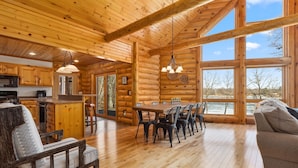 A log cabin interior with a dining area, kitchen, and large windows offering a view of the outdoors. - Fawn Lake Retreat | Pontoon, Beach & Game Room (Crosslake)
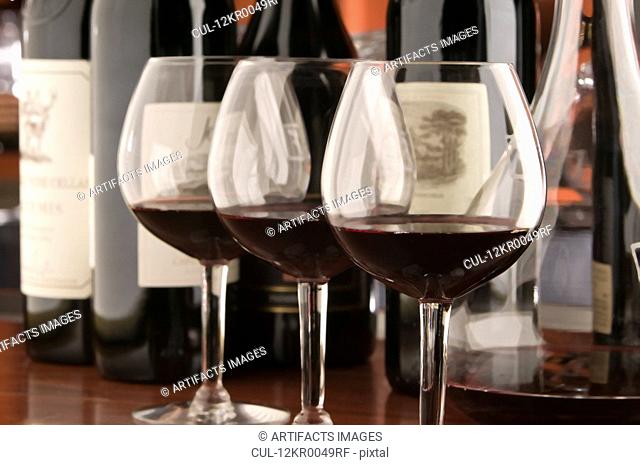Three red wine glasses and bottles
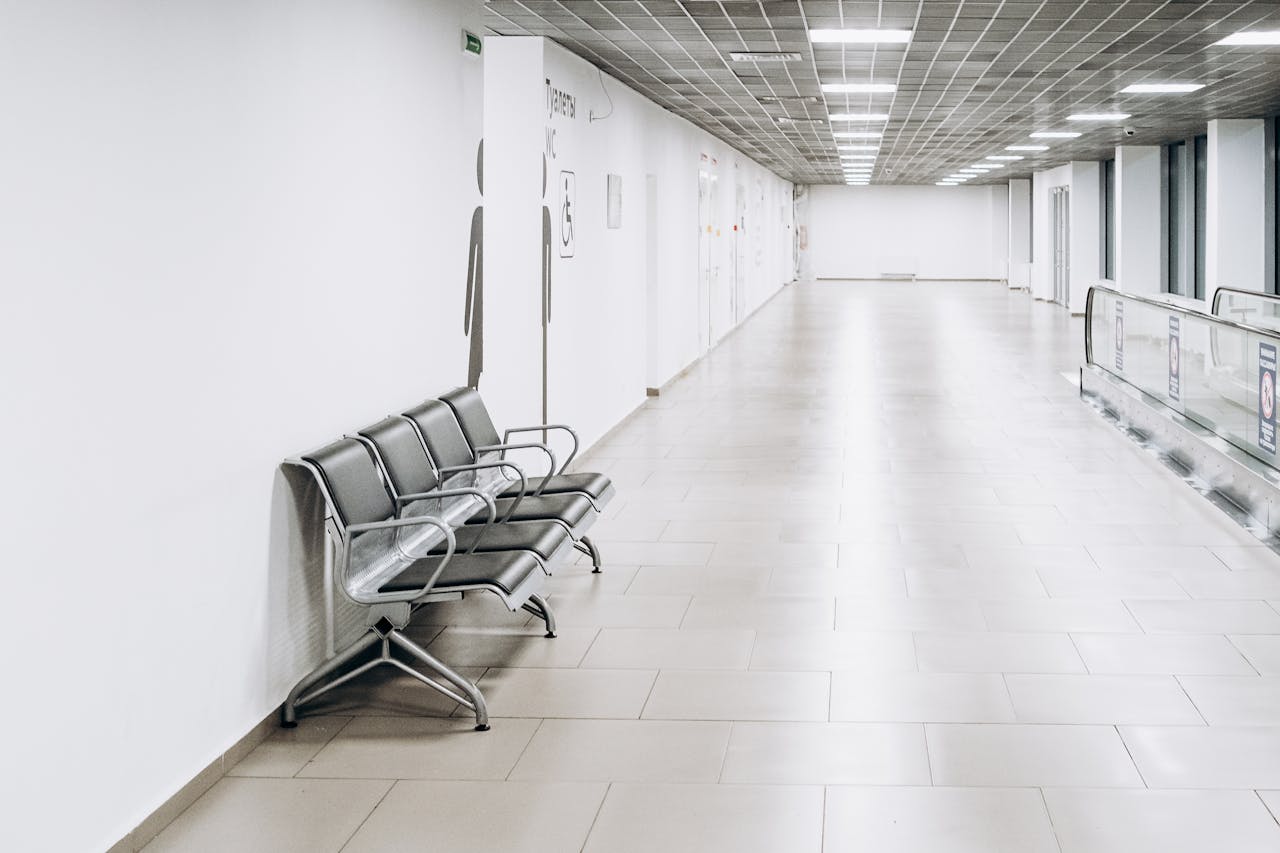 Modern empty large white hall of terminal with luminous bright lamps on ceiling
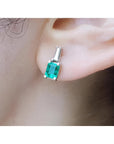 Colombian emerald and baguette diamond stud earrings, 14K white gold, on an ear.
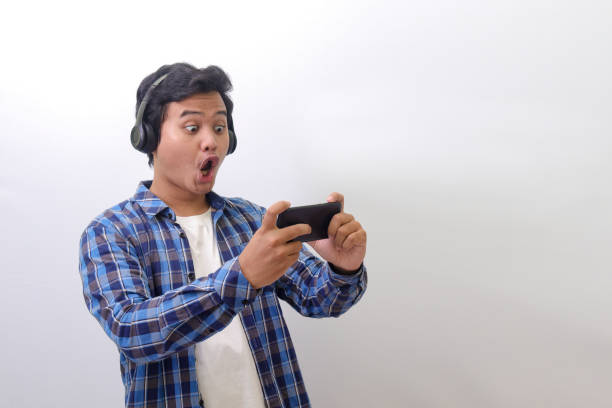excited Asian man using wireless headphone, playing games on his mobile phone by tilting the screen stock photo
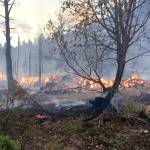 Ben Torkelson (2)/Chelan County Fire District 3 via AP                                In these Tuesday photos provided by Chelan County Fire District 3, logs burn near Leavenworth. The wildfire that started at an old log-storage site has prompted evacuation orders for homes and cabins at a popular Washington state hiking and skiing destination, officials said Wednesday.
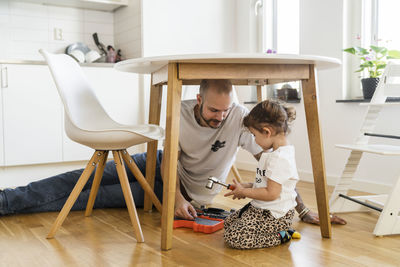 Father and daughter assembling table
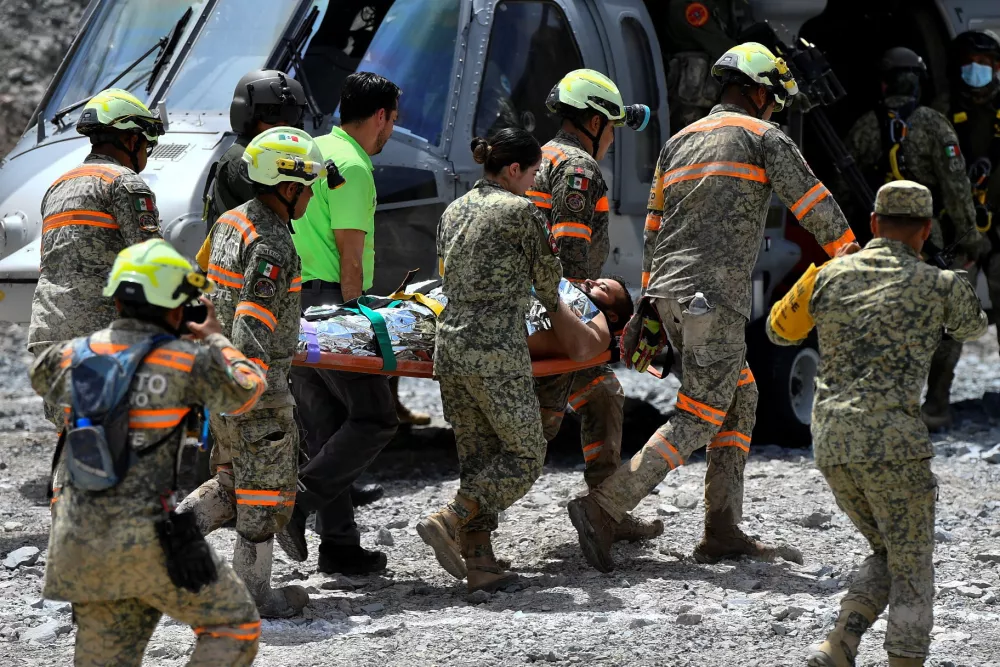 Members of rescue teams transport miner Francisco Zapata Najera, 42, on a stretcher after he was rescued during a search for four miners following a collapse at the Minerales de Sinaloa mine, in the municipality of El Rosario, Sinaloa state, Mexico, April 8, 2026. REUTERS/Stringer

▬▬▬▬▬▬

From the line holding "Ben Torkelson (2)/Chelan" through the last line of the material above, each line should be written out exactly, both included; omit the pictures.

Expected output:
 Ben Torkelson (2)/Chelan County Fire District 3 via AP                                In these Tuesday photos provided by Chelan County Fire District 3, logs burn near Leavenworth. The wildfire that started at an old log-storage site has prompted evacuation orders for homes and cabins at a popular Washington state hiking and skiing destination, officials said Wednesday.
 Father and daughter assembling table
 Members of rescue teams transport miner Francisco Zapata Najera, 42, on a stretcher after he was rescued during a search for four miners following a collapse at the Minerales de Sinaloa mine, in the municipality of El Rosario, Sinaloa state, Mexico, April 8, 2026. REUTERS/Stringer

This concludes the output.